Hence, a data strategy that is closely aligned with the overarching corporate strategy is a key success factor. In other words, the chief data officer (CDO) – a role that is being increasingly formalized and adopted by several banks and chartered with delivering top-and bottom-line business outcomes powered by data – should be viewed as a perfect business partner with the chief operating officer (COO), rather than relegating this key role under the chief information officer (CIO) and treating data as an IT function, rather than as a business function. This role is more about business objectives, rather than IT objectives.
Furthermore, governed data is secure, reliable and meets the quality expectations from users that most rely on data for decision-making. Such consistent data helps identify the datasets most important for business. Knowing which key performance indicators (KPI’s) have the most impact and influence on the overarching corporate goals mandates understanding data at various levels of granularity.
Measuring the value of data governance efforts is challenging, as is the ability to articulate the return on investment (ROI) of data investments. But focusing on a few critical metrics can ensure the effectiveness of data governance programs and big data initiatives.

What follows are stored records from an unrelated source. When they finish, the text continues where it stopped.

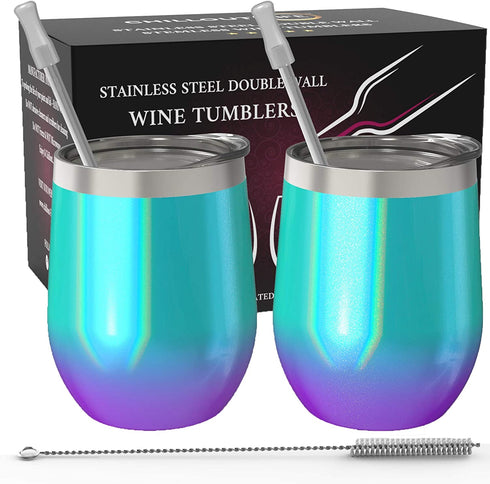 CHILLOUT LIFE Stainless Steel Wine Tumblers 2 Pack 12 oz - Double Wall Vacuum Insulated Wine Cups with Lids and Straws Set for Coffee, Wine, Cocktails (Mermaid Sparkle)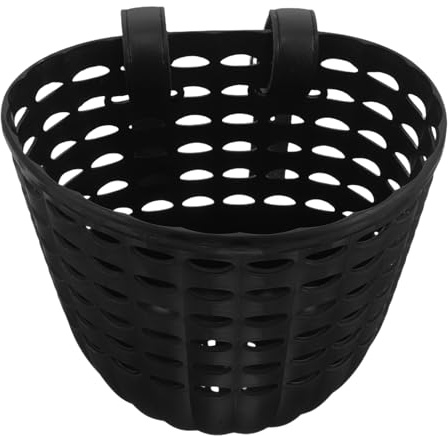 ULTECHNOVO Cesta Delantera Fácil Instalación de Plástico para Bicicleta Infantil Negro Correas Ajustables para Triciclos y Vehículos Infantiles en Aventuras al Aire Libre
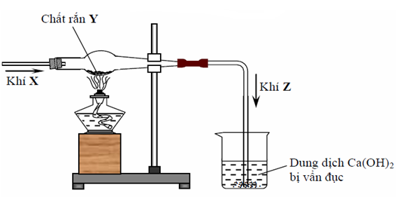 Hình vẽ sau đây mô tả thí nghiệm khí X tác dụng với chất rắn Y, nung nóng sinh ra khí Z: (ảnh 1)
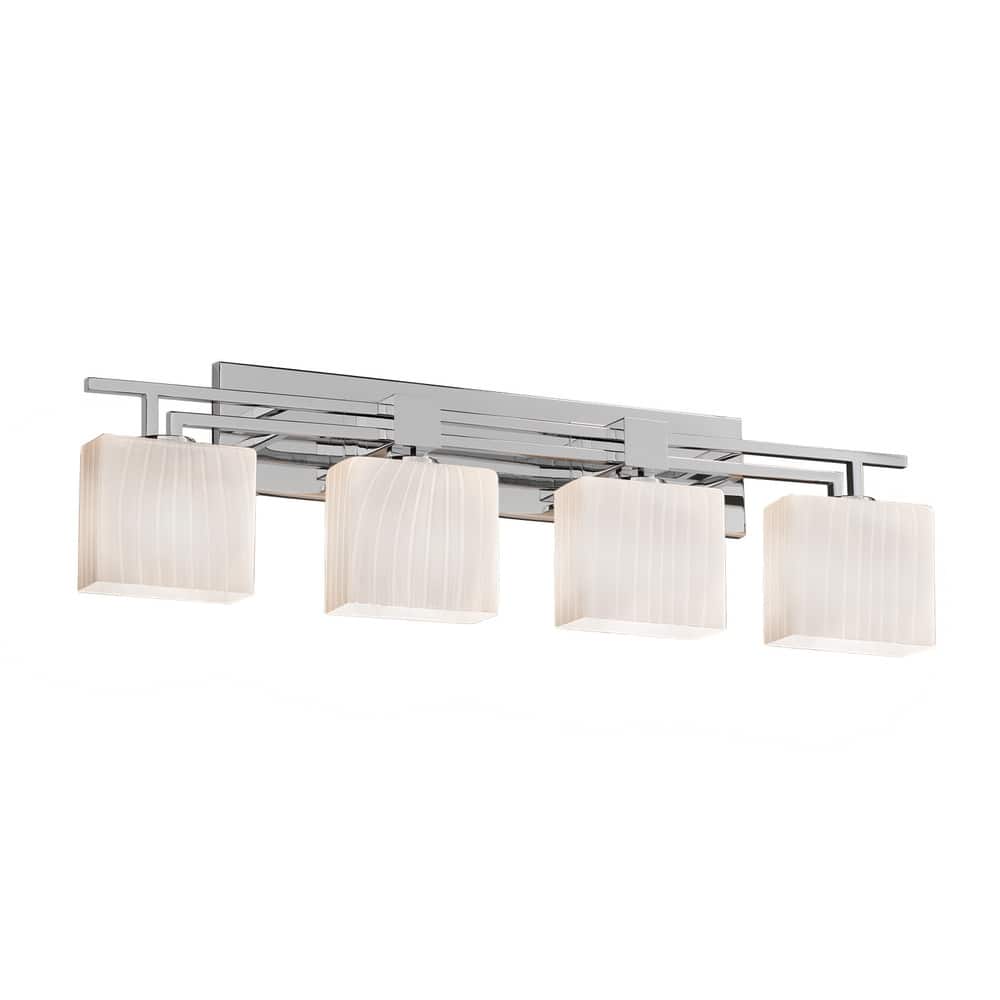 Justice Design Fusion Aero 4-light Polished Chrome Bath Bar, Ribbon Rectangle Shade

Similarly, classifying the available datasets based on existing business terminologies, building new taxonomies, mapping relationships, and establishing the policies, frameworks, rules, and standards for data capture, management, processing and consumption of critical data elements must be managed through the wider lens of business use cases. Data and analytics go hand in hand; it's also important for analytical models to be included in the data governance agenda.
The data governance approach and the analytical systems that implement it should be scalable to capture and dimension information about all areas of a bank. Processes need to be created or simplified for both, employees and customers alike. Visualizations that help derive insights should also be identified and articulated in the data governance agenda.
So, how can a bank get started on the path to reaping rewards through data governance?
Implementing a data governance process is not a herculean task. As daunting as it may seem, it does require a comprehensive structure and framework to address the right business levers that deliver sustainable value. Without the proper structure and forethought, it's impossible to harness, let alone extract value from data.
I recommend an iterative approach to executing on a data governance strategy. A portfolio of small projects delivering specific outcomes, building on top of one another will deliver the wins required to tackle the larger data governance agenda. These projects could take dimensions, such as building a catalogue of services, assigning data roles & responsibilities, architecting a data quality framework, etc. Instead of boiling the ocean, a lean approach - small and measured steps - will deliver the success that banks and other data-driven financial institutions expect.